This paper addresses the setting of action-constrained imitation learning, an imitation learning problem where the learned agent must use an action space that is more restricted than the one used by the expert demonstrator. It proposes DTWIL, a method that uses a combination of Model Predictive Control, Dynamic Time Warping, and Behavioral Cloning, to train agents in this setting. The paper shows that the method outperforms several baselines across 3 tasks.

优点

The problem setting introduced by the paper is interesting and not widely studied (at least to the best of my knowledge). The paper is well-written and easy to follow. The experiments section compares against a large number of baselines, all of which are reasonable, and the results showcase the effectiveness of the approach.

缺点

There are a few critical weaknesses that should be addressed.

Limited Experiment Results. While I appreciate the thoroughness of the results in terms of the number of baselines, the number of tasks shown are small and do not have much variety. For example, Half-Cheetah and Hopper are both locomotion tasks, and relatively simple in complexity (RL approaches can solve these tasks very efficiently from scratch). It would be great to see more settings such as robot manipulation tasks -- there are a wide number of suitable datasets and benchmarks available today (e.g. robosuite, RLBench, ManiSkill, and others). It is important to show that the method is general-purpose and easy to apply to many scenarios. Similarly, BC+P seems like a very strong baseline (from Table 1) -- seeing results across more tasks and settings to highlight the value of proposed method would paint a more complete picture.

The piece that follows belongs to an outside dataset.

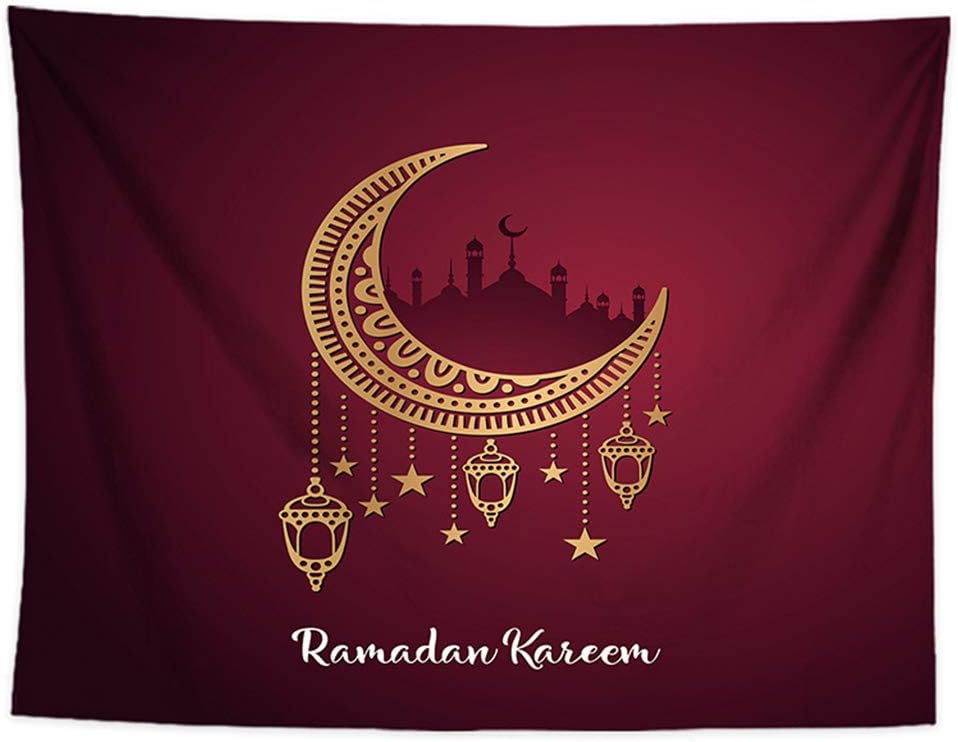 Amarzk 150*130cm Eid Mubarak Decor Printed Background Wall Tapestry Hanging Cloth Ramadan Kareem Islamic Muslim Party Wall Cover Ramadan Decoration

Method Limitations. The ARC (Section 4.2) seems like a hack, and could require per-task tuning, which is undesirable. It is also unclear if it's a good idea to always use blended actions up to a certain timestep, compared to other alternatives for incorporating expert actions, like using the notion of residual additive actions (for example, https://arxiv.org/abs/1812.03201). Including more tasks could help show that one set of parameters works well across multiple settings. It also seems like this method is only suitable for imitating a single specific trajectory, in contrast to typical scenarios where an agent must deal with a variety of initial conditions (such as a robot that needs to manipulate objects that start in diverse configurations on a table from episode to episode). Section 6 mentions "as long as the agent is able to be initialized to the same starting state as the expert" -- this is a severe, and often impractical assumption to make. Finally, it seems like the method implicitly assumes full state observability (e.g. privileged information) compared to partially observed settings (raw sensor data such as images or depth sensing), which also impedes the practicality of the approach.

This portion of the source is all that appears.